Das neu gewonnene Bandgefühl lässt sich auch leicht an der Optik ablesen. War es bei "Solid State" wichtig, ein möglichst stylishes Artwork zu präsentieren, liegt der Fokus bei "Off" eher darauf, den Fans endlich zu zeigen, wer eigentlich hinter der Musik von Sono steckt. "Das neue Booklet und die Fotos darin waren ein ganz bewusster Schritt. Wir wollten, dass alles greifbarer wird. Die Musik kommt von diesen drei Typen. Und die bedienen die Instrumente. Wir wollten mehr Zusammenhänge schaffen, damit alles ein bisschen homogener wird".

Ein Gesamtkonzept, das zeigt wie viel Arbeit und Gedanken in "Off" stecken. Schritt für Schritt bauen Sono jetzt das auf, was durch die lange Pause wieder verloren ging. Im Blickfeld haben sie dabei vorrangig den nationalen Markt. Obwohl sie natürlich nichts dagegen hätten, wenn sich auch Tracks des neuen Albums in den internationalen Charts wieder fänden. "Die ersten beiden Singles aus "Solid State" waren in den amerikanischen Dance-Charts sehr erfolgreich. Was natürlich ein absoluter Traum ist. Aber es ist jetzt nicht so, dass wir sagen, wir müssen unbedingt sofort wieder internationalen Erfolg haben.

Mit PIAS haben wir ein Label, das europaweit sehr gut vernetzt ist. Aber erst einmal konzentrieren wir uns jetzt auf Deutschland. Wenn das in Deutschland was wird, dann werden die anderen schon automatisch hellhörig." Der beste Weg seine Musik unter die Leute zu bringen, ist natürlich immer noch eine Tour.
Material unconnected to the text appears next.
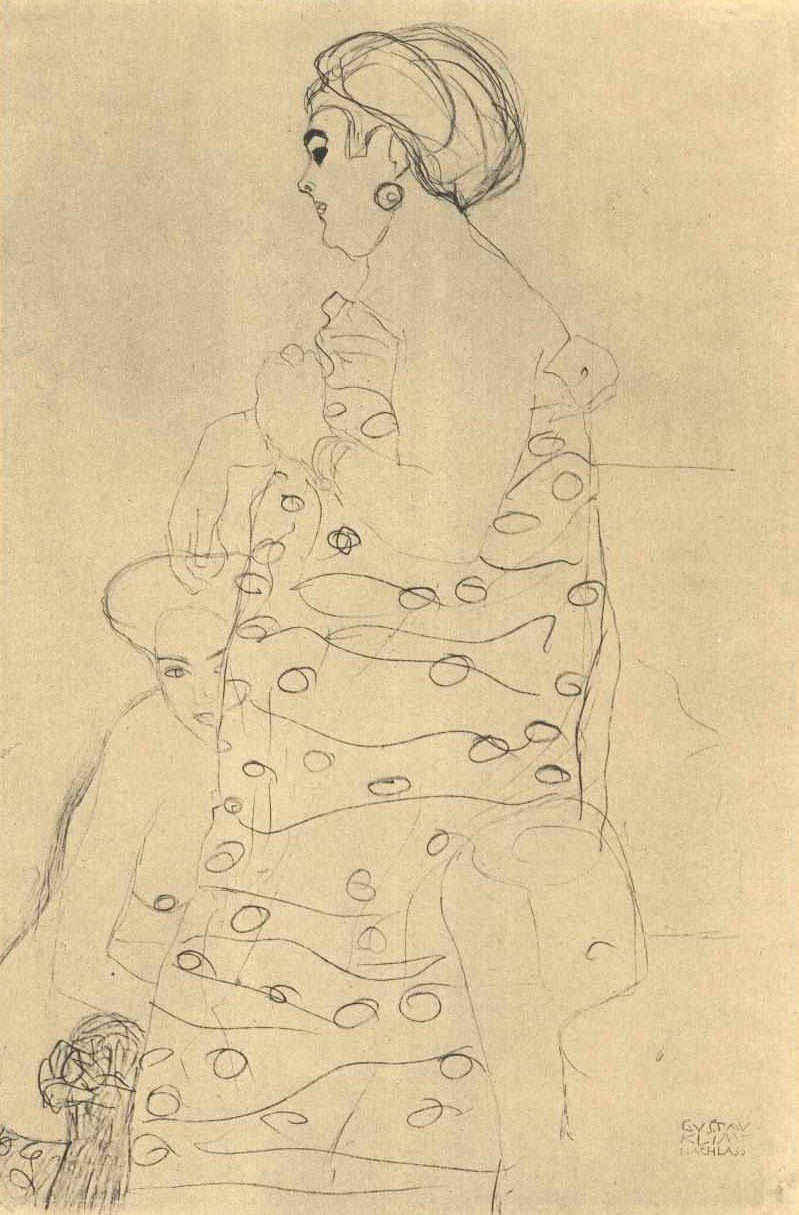 Fedt klædt kvinde og nøgen ved hendes fødder af Gustav Klimt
Das finden die Herren von Sono auch und freuen sich jetzt schon auf die "Off"-Tour, die sie für Anfang 2006 planen. Im Vorfeld haben sie allerdings das große Vergnügen, die Elektro-Popper von Apoptygma Berzerk auf ihrer Deutschland-Tour im November zu begleiten. "Stefan Groth von Apoptygma hat unser Album gehört und fand es selbst ziemlich geil. Etwas Besseres hätte uns gar nicht passieren können. Für die Fans ist es ein tolles Package und von der Zielgruppe her passt es total gut."

"Bei Rammstein-Mixen hat man ein bisschen Angst."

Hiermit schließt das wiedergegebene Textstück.